30 Nov -0001
- Written by Tri-State Defender Newsroom
Jobs Growing by Rate: The majority of the top 25 detailed occupations by growth rate requires a bachelor’s degree or more , with 4 of the top 10 requiring an associate’s degree or work in a related occupation . Six of the top 10 requires a bachelor’s degree or better. Art, drama, and music teachers, postsecondary, as well as network systems and data communications analysts require a bachelor’s degree or more. So do mental health and substance abuse workers, special education teachers, middle school, social and human service assistants, and health specialties teachers, postsecondary.
Jobs Growing in Numbers: There are many occupations requiring long-term, moderate-term, or short-term training when occupations are listed by number of new jobs. Combined food preparation and serving workers, retail salespersons, and waiters and waitresses require short-term training. Registered nurses need an associate’s degree. Cashiers as well as janitors and cleaners require short term training. The top 10 list is completed with general and operation managers (BA degree), customer service representatives (moderate term training), nursing aides, orderlies, and attendants (short term training), and food preparation workers (short term training).
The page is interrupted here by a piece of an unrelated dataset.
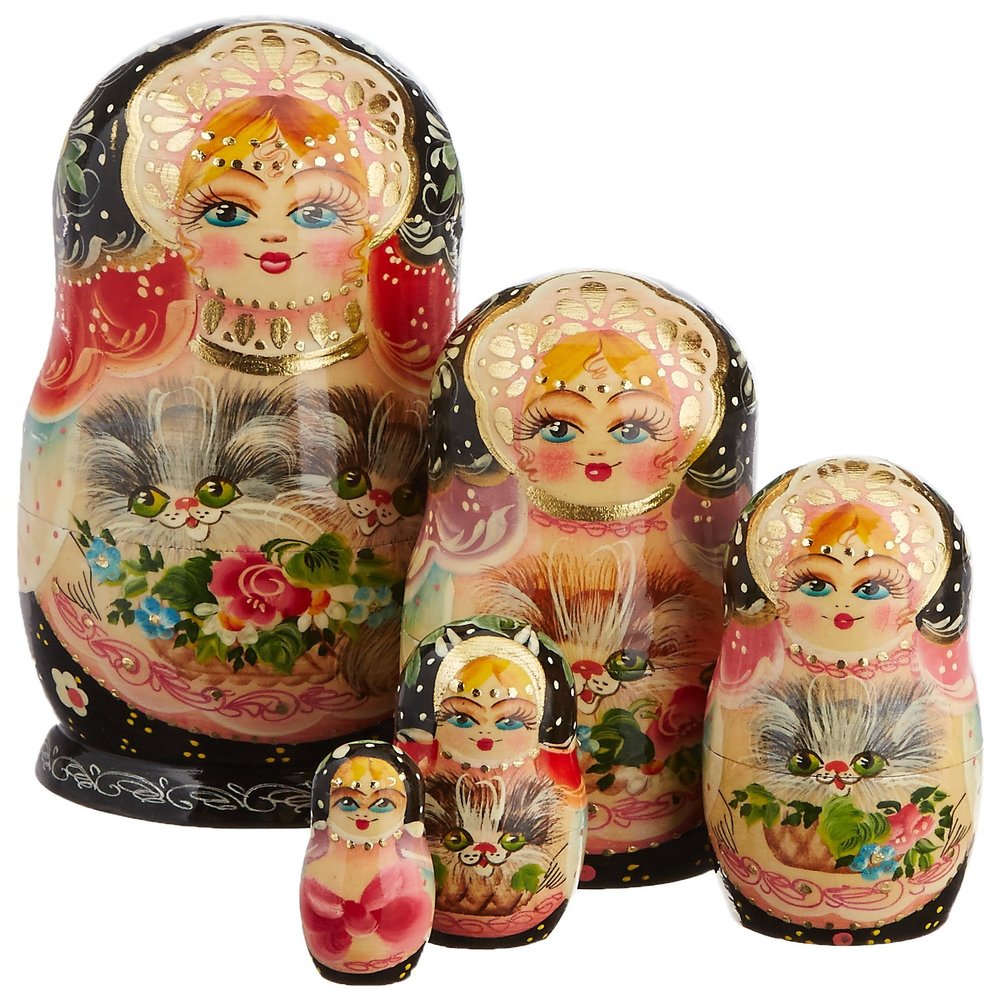 Kitty Cat 5-Nest Matreshka Stacking Dolls Set - 1300943 by G.DeBrekht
Occupations with large numbers of jobs are paid lower generally than average wages, but they tend to require less training. Typical among these jobs is combined food preparation and serving workers, with $14,100 average annual salary and requiring short-term training. Jobs that require moderate-term training, however, command a greater salary. Customer service representatives, at $27,100, are an example.
Some occupations with high pay are listed also among those with a high number of jobs. Registered nurses earn an average annual salary of $49,900. Elementary school teachers require a bachelor’s degree and receive on average $40,200. Drivers of heavy trucks and tractor-trailers have a $33,400 salary with moderate-term training; this job has fairly good pay relative to the training period.
Changes in Industry: Most of the new jobs projected for industries are service-providing rather than goods-producing. Goods-producing jobs generally have higher pay, and they enliven trade as goods are exported outside the state. Goods-producing jobs include manufacturing, construction, agriculture, and mining. Service-providing jobs can make our lives enjoyable and tolerable—for example these jobs accommodate us, feed us, transport us, and provide care for us. Goods-producing jobs grow at a slower rate, resulting from increased efficiency at the workplace, and increased imports. Factors related to manufacturing efficiency are machine automation, labor-saving procedures, and the use of computer technology.